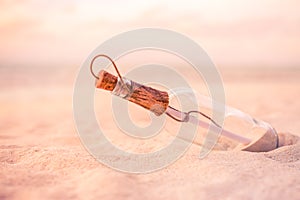 Message in a bottle on a tropical beach and blurred background. Inspire bckground design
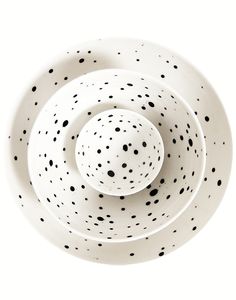 black and white polka dot bowls stacked on top of each other with one bowl in the middle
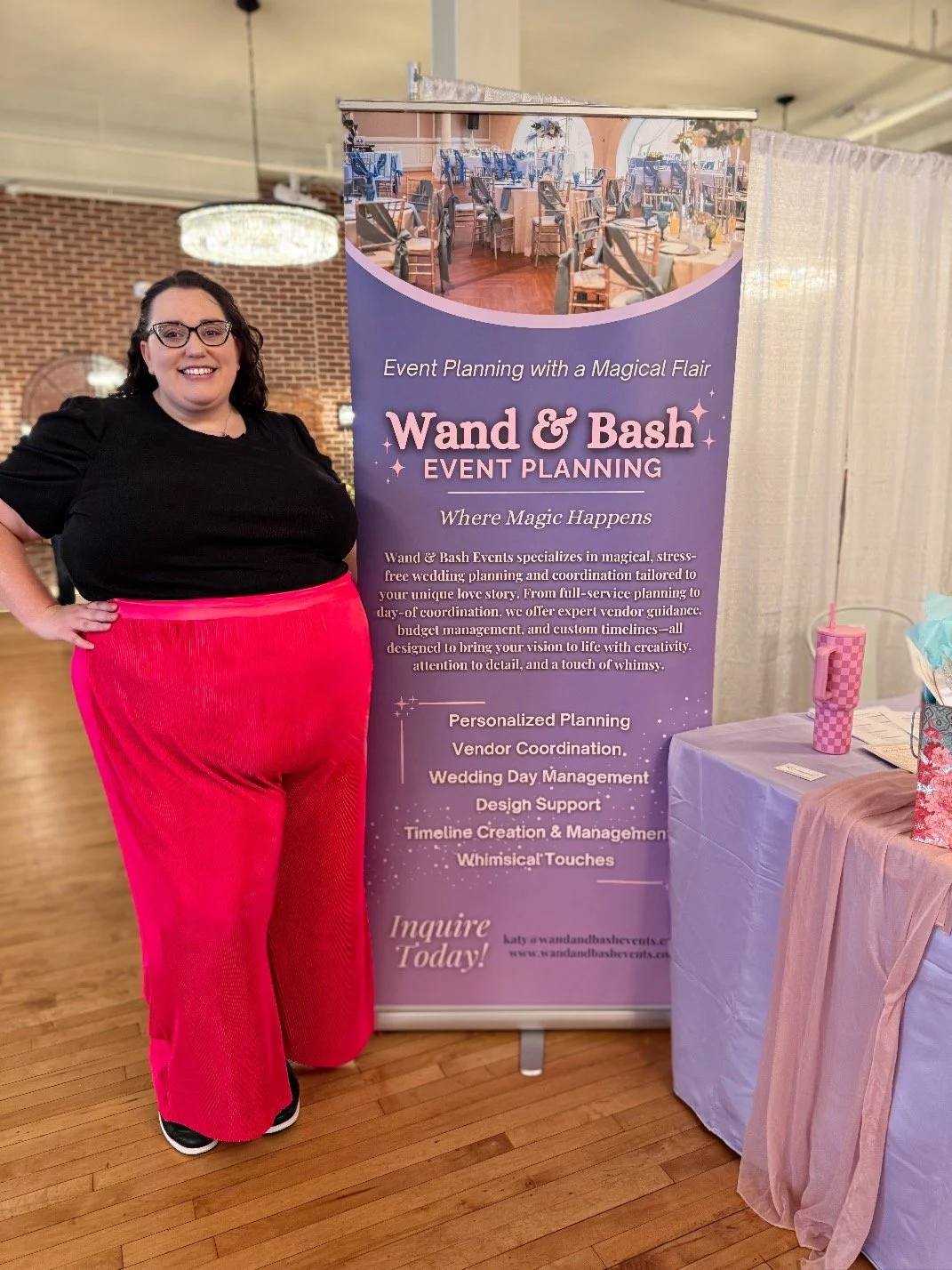 Woman in black top and bright pink pants standing next to a purple event planning banner at a wedding or event expo.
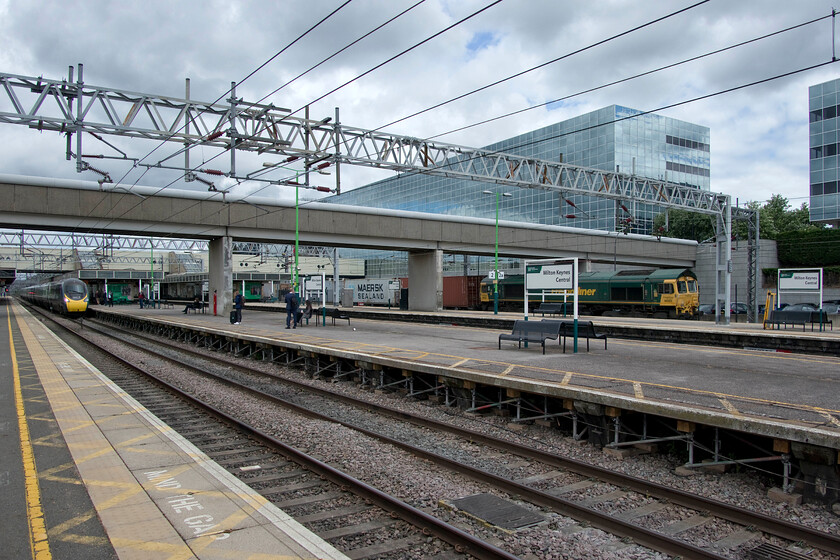 66523, 09.52 Lawley Street-Felixstowe North (4L99, RT) & 390049 VT 06.52 Edinburgh Waverley-London Euston (9M50, 4L), Milton Keynes Central station 
 Milton Keynes (Central?) station is frustratingly tricky for the railway photographer! There is so much station furniture that gets in the way of the subject making composition always a bit of a compromise as is the case here. As 390049 arrives with the 06.52 Edinburgh to Euston Avanti service 66523 heads south at line speed leading the 09.52 Lawley Street to Felixstowe Freightliner. 
 Keywords: 66523 09.52 Lawley Street-Felixstowe North 4L99 390049 06.52 Edinburgh Waverley-London Euston 9M50 Milton Keynes Central station Freightliner Avanti West Coast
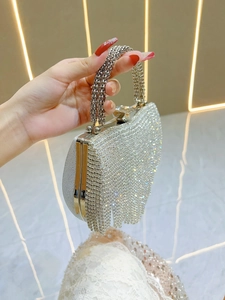 Elegant silver evening clutch bag featuring shimmering rhinestones and fringe tassels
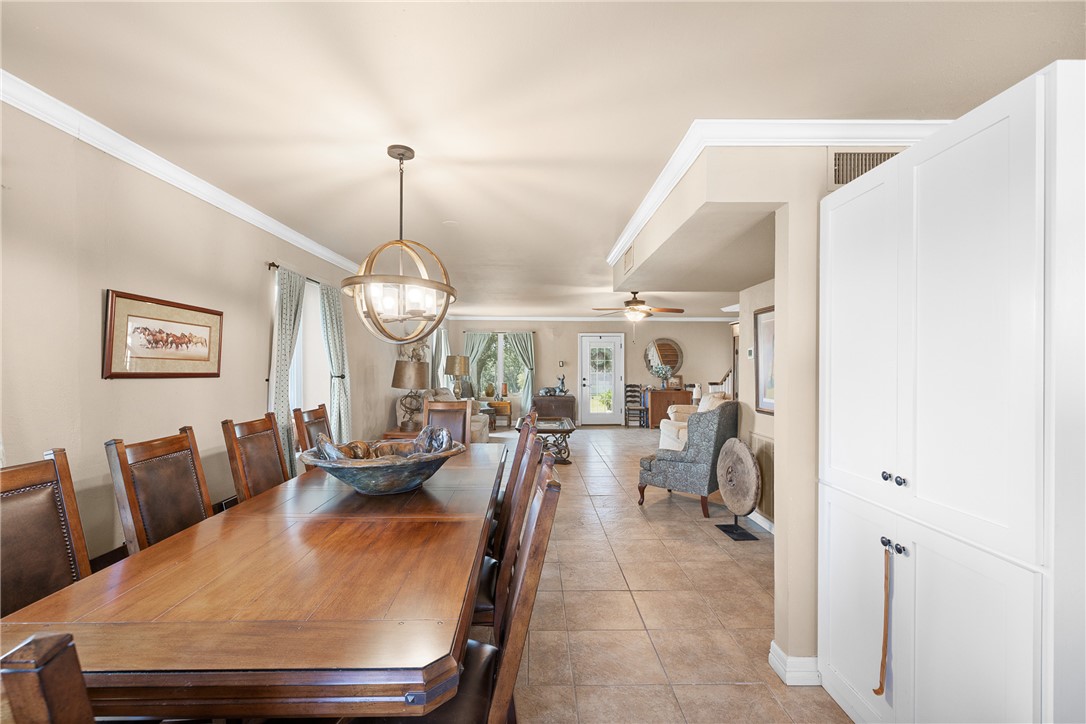 10415 McKnight Road Brenham, TX 77833 - Photo 8 of 23 a view of a dining room with furniture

■ ■ ■

Retype all the data exactly. Omit pictures.

 Message in a bottle on a tropical beach and blurred background. Inspire bckground design
 black and white polka dot bowls stacked on top of each other with one bowl in the middle
 Woman in black top and bright pink pants standing next to a purple event planning banner at a wedding or event expo.
 66523, 09.52 Lawley Street-Felixstowe North (4L99, RT) & 390049 VT 06.52 Edinburgh Waverley-London Euston (9M50, 4L), Milton Keynes Central station 
 Milton Keynes (Central?) station is frustratingly tricky for the railway photographer! There is so much station furniture that gets in the way of the subject making composition always a bit of a compromise as is the case here. As 390049 arrives with the 06.52 Edinburgh to Euston Avanti service 66523 heads south at line speed leading the 09.52 Lawley Street to Felixstowe Freightliner. 
 Keywords: 66523 09.52 Lawley Street-Felixstowe North 4L99 390049 06.52 Edinburgh Waverley-London Euston 9M50 Milton Keynes Central station Freightliner Avanti West Coast
 Elegant silver evening clutch bag featuring shimmering rhinestones and fringe tassels
 10415 McKnight Road Brenham, TX 77833 - Photo 8 of 23 a view of a dining room with furniture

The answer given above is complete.